During the pause of the kind often described as pregnant Alleyn made a face at Fox and said: “Dead.” Fox looked affronted.
“At the risk,” Alleyn said into the telephone, “of making the most intolerable nuisance of myself, dare I ask if your source would have the very great kindness to find out if, over the same period, there is any record of an Englishman called Basil Smythe having qualified at Sacré Coeur? I should explain, my dear colleague, that there is now the possibility of a not unfamiliar form of false pretence.”
“But of course. You have but to ask. And the name again?”

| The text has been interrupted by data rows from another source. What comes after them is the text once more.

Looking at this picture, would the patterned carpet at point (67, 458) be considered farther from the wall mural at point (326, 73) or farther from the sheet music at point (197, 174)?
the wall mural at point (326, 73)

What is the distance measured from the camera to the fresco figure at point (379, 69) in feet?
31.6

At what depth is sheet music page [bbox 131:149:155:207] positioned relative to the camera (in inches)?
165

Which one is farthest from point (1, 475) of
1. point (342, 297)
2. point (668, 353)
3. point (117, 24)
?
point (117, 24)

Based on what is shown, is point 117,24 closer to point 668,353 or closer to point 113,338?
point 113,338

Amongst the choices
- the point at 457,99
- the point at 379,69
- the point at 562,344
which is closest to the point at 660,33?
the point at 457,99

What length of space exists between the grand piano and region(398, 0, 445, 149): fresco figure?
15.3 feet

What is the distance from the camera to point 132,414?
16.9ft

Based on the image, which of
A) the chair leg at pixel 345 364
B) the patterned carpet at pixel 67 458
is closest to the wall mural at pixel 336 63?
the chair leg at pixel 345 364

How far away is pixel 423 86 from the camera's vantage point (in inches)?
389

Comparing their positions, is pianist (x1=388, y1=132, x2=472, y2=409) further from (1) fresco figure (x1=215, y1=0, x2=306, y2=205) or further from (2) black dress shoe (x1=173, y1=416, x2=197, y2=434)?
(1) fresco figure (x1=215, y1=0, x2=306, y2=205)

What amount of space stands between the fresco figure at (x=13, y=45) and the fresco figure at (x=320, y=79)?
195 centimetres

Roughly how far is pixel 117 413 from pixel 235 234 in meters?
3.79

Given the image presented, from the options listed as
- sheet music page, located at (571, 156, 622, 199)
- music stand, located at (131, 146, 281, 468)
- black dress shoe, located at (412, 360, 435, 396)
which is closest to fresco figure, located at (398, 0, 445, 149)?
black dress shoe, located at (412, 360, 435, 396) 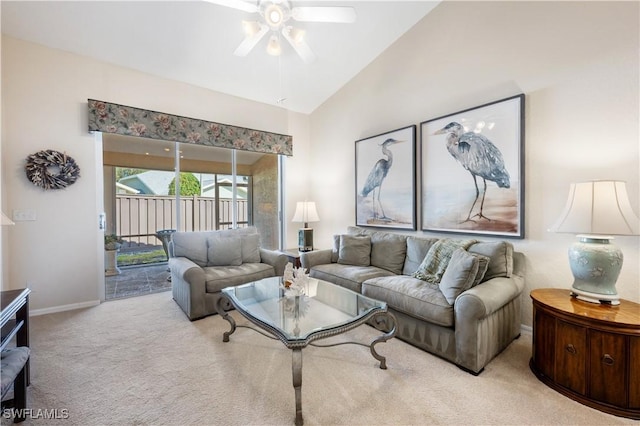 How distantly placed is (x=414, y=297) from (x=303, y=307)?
931 millimetres

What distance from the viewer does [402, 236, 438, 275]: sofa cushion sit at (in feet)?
10.1

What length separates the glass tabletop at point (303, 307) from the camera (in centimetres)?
185

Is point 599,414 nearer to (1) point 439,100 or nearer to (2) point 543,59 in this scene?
(2) point 543,59

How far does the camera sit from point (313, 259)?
3543 mm

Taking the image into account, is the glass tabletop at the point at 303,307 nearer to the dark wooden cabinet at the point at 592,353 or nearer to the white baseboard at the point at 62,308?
the dark wooden cabinet at the point at 592,353

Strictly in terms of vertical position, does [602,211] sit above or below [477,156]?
below

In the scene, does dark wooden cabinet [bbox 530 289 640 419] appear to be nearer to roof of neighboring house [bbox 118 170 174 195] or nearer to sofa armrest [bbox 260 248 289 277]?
sofa armrest [bbox 260 248 289 277]

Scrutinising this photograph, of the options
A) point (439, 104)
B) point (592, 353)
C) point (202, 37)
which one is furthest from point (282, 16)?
point (592, 353)

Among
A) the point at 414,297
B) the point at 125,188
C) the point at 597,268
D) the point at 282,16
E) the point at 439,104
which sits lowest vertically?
the point at 414,297

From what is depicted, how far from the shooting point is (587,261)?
189 centimetres

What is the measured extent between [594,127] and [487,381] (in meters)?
2.13

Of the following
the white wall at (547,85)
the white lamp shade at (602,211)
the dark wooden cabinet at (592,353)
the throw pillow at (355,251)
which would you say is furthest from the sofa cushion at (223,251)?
the white lamp shade at (602,211)

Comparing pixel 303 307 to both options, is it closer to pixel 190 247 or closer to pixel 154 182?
pixel 190 247

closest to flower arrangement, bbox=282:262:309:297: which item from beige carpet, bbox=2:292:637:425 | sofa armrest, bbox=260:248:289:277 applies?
beige carpet, bbox=2:292:637:425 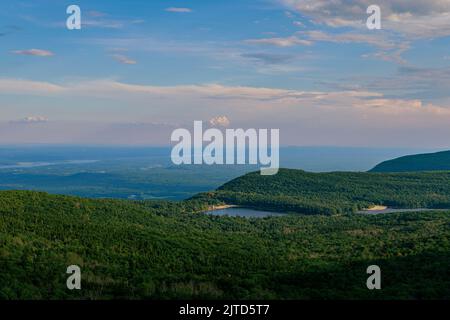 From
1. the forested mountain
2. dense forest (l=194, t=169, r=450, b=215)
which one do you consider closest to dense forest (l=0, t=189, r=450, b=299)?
dense forest (l=194, t=169, r=450, b=215)

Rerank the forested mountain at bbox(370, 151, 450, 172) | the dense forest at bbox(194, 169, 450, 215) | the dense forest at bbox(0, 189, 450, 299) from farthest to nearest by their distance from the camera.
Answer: the forested mountain at bbox(370, 151, 450, 172) < the dense forest at bbox(194, 169, 450, 215) < the dense forest at bbox(0, 189, 450, 299)

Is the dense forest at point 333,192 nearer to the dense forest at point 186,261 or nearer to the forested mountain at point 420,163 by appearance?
the dense forest at point 186,261

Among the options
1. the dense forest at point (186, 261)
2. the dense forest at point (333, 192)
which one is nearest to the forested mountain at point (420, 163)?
the dense forest at point (333, 192)

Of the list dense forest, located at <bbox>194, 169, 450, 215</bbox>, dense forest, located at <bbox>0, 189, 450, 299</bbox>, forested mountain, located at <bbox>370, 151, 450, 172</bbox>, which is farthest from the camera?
forested mountain, located at <bbox>370, 151, 450, 172</bbox>

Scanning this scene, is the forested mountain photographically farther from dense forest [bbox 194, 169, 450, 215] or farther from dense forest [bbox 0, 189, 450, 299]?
dense forest [bbox 0, 189, 450, 299]

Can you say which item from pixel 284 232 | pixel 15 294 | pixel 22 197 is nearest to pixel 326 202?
pixel 284 232

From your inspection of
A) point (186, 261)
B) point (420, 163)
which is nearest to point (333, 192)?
point (186, 261) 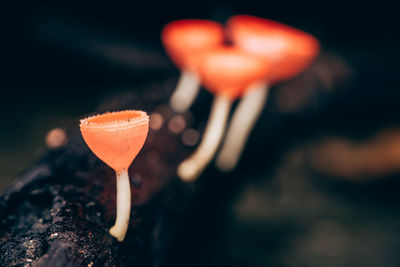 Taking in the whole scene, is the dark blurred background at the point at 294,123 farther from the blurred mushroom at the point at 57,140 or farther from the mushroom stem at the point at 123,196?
the mushroom stem at the point at 123,196

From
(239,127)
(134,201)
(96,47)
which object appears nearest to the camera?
(134,201)

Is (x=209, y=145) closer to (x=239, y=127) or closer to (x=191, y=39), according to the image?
(x=239, y=127)

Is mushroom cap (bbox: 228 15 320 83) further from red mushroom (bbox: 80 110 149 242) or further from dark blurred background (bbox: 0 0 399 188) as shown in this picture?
red mushroom (bbox: 80 110 149 242)

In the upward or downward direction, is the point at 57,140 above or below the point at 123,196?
below

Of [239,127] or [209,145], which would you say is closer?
[209,145]

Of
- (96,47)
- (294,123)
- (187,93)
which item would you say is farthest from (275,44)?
(96,47)

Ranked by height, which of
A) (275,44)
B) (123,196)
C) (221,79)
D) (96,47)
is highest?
(275,44)

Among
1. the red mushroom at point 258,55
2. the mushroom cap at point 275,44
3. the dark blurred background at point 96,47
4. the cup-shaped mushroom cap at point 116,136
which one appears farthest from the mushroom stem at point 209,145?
the dark blurred background at point 96,47

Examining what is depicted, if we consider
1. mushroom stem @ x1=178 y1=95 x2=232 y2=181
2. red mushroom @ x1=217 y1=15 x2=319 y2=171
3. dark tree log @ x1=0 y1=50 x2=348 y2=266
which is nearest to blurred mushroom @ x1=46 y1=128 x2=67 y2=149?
dark tree log @ x1=0 y1=50 x2=348 y2=266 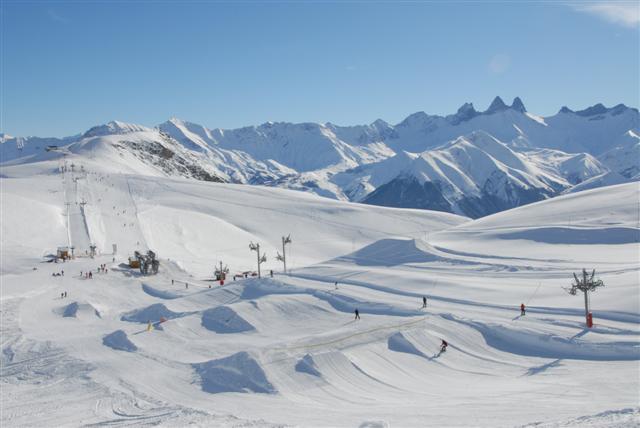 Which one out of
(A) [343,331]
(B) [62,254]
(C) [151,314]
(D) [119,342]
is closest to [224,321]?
(D) [119,342]

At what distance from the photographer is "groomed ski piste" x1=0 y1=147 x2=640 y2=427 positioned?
84.2 ft

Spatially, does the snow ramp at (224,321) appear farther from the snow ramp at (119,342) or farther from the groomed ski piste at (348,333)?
the snow ramp at (119,342)

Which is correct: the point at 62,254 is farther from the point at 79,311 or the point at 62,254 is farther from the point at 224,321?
the point at 224,321

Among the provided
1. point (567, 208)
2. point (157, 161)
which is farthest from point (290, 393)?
point (157, 161)

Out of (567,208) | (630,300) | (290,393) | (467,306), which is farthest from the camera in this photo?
(567,208)

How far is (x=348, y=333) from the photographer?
115 feet

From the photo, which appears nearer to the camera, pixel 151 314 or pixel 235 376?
pixel 235 376

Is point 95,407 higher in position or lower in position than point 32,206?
lower

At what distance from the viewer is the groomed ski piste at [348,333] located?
2566 cm

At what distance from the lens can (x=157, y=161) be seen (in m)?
197

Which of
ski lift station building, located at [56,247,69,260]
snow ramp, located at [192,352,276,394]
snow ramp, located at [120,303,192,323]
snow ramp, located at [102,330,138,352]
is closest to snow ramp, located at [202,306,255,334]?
snow ramp, located at [120,303,192,323]

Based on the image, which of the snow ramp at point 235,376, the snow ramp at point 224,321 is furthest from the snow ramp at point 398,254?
the snow ramp at point 235,376

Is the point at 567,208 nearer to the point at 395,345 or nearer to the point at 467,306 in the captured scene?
the point at 467,306

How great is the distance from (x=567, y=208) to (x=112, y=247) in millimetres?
66899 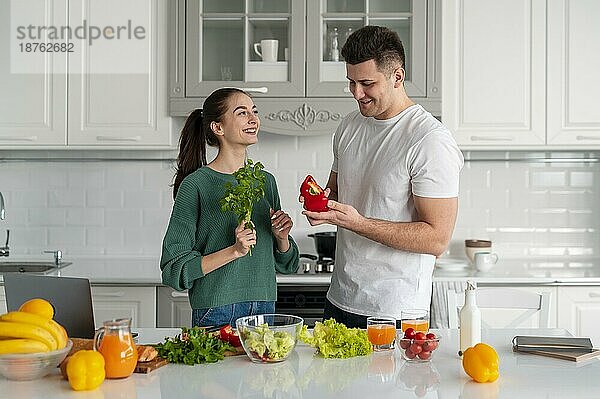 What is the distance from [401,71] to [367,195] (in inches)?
16.0

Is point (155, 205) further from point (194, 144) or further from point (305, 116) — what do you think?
point (194, 144)

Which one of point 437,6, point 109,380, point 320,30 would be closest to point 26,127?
point 320,30

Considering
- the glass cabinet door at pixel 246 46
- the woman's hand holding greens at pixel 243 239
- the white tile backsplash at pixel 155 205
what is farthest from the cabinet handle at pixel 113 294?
the woman's hand holding greens at pixel 243 239

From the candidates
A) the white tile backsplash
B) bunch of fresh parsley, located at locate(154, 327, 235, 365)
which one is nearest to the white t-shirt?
bunch of fresh parsley, located at locate(154, 327, 235, 365)

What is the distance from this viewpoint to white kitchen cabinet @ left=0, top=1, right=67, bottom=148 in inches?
164

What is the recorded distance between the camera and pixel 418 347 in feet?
7.09

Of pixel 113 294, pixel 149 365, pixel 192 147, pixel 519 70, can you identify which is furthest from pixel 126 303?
pixel 519 70

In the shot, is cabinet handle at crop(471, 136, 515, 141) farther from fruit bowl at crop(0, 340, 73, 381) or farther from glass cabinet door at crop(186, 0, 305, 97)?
fruit bowl at crop(0, 340, 73, 381)

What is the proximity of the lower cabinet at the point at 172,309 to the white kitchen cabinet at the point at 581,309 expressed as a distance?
5.66 feet

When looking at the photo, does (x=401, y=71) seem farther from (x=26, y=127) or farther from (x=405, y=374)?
(x=26, y=127)

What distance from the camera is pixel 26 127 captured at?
4180mm

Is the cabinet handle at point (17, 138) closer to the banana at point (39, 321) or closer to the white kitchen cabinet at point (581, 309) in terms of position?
the banana at point (39, 321)

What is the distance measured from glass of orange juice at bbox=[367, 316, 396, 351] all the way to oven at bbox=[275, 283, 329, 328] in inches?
61.6

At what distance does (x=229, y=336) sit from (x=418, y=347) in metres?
0.51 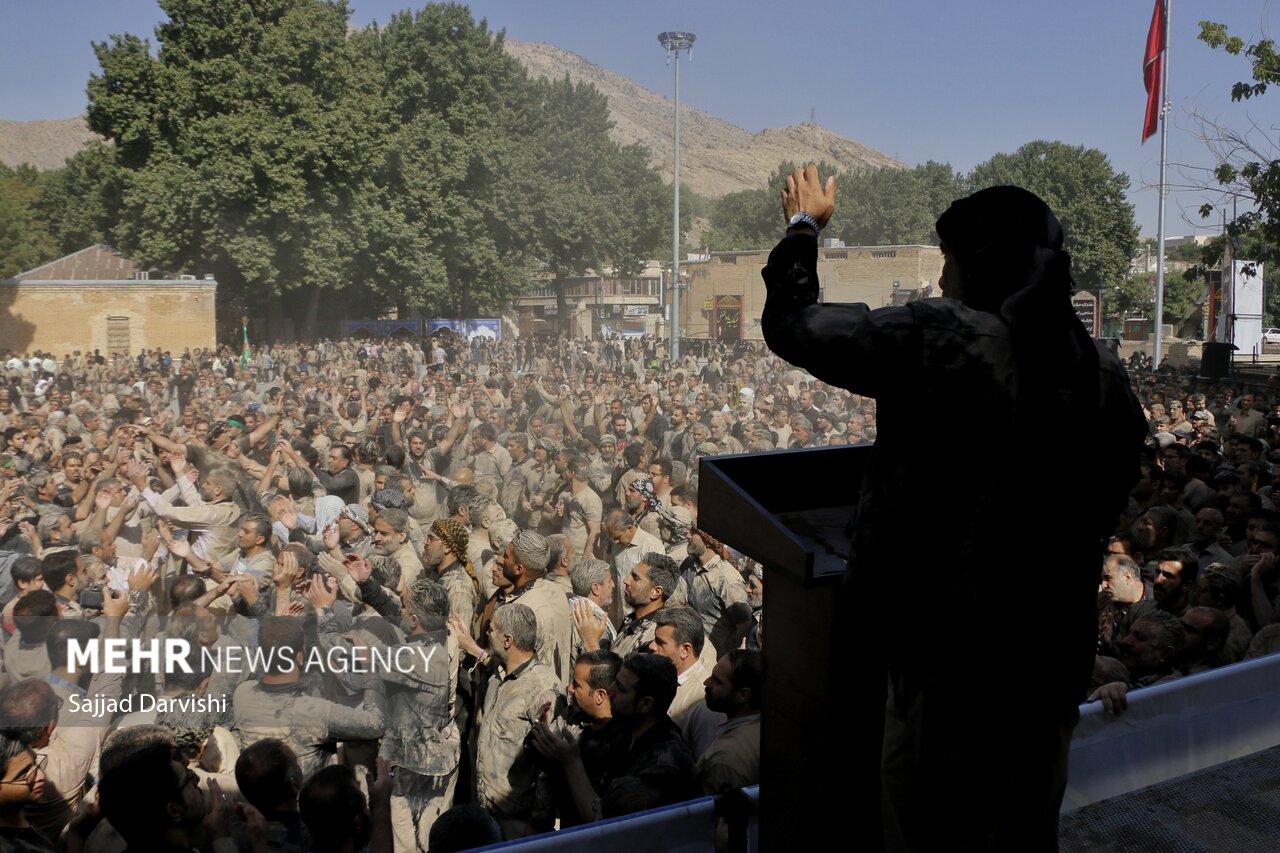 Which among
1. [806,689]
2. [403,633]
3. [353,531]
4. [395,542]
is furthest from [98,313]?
[806,689]

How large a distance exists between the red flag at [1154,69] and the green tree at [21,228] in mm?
45717

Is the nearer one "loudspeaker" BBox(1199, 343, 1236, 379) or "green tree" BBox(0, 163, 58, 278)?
"loudspeaker" BBox(1199, 343, 1236, 379)

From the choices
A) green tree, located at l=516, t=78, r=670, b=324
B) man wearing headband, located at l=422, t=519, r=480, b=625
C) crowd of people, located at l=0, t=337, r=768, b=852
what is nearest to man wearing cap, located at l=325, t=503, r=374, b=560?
crowd of people, located at l=0, t=337, r=768, b=852

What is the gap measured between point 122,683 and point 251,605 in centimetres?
76

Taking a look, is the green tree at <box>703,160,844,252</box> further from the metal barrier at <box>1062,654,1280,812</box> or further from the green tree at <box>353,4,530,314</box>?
the metal barrier at <box>1062,654,1280,812</box>

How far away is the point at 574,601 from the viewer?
4.79 meters

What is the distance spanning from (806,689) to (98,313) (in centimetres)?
3736

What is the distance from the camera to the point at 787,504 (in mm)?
1964

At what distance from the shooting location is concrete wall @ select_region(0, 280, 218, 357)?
3362 centimetres

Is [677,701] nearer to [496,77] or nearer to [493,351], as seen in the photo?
[493,351]

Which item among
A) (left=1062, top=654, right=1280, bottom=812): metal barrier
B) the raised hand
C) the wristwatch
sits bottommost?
(left=1062, top=654, right=1280, bottom=812): metal barrier

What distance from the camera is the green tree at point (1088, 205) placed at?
48.9 metres

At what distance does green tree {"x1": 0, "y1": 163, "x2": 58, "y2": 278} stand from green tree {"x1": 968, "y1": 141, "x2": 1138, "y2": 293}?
47.8 meters

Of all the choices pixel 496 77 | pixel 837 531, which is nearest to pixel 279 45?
pixel 496 77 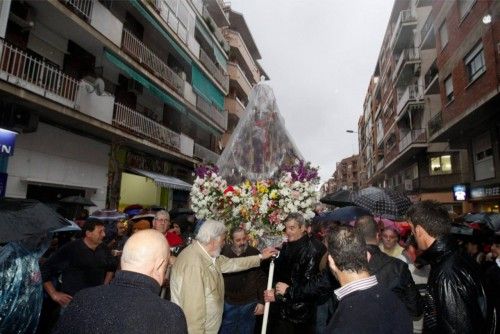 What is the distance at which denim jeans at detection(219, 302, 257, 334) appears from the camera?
14.4 ft

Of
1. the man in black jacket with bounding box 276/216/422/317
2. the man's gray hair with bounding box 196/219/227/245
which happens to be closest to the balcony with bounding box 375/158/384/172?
the man in black jacket with bounding box 276/216/422/317

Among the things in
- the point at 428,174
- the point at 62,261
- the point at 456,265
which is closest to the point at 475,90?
the point at 428,174

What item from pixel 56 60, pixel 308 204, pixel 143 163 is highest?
pixel 56 60

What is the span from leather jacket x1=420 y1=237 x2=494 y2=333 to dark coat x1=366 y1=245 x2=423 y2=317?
37 cm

Alleyn spelt it out and was told he could expect a return call within the hour. It came through in twelve minutes. An Englishman called Basil Smythe had attended the courses at the time in question but had failed to complete them. Alleyn thanked his expeditious confrere profusely. There was a further interchange of compliments and he hung up.
iv
“It’s not only in the story-books,” observed Fox on the following morning as they drove once more to Greengages, “that you get a surplus of suspects but I’ll say this for it: it’s unusual. The dates tally, don’t they?”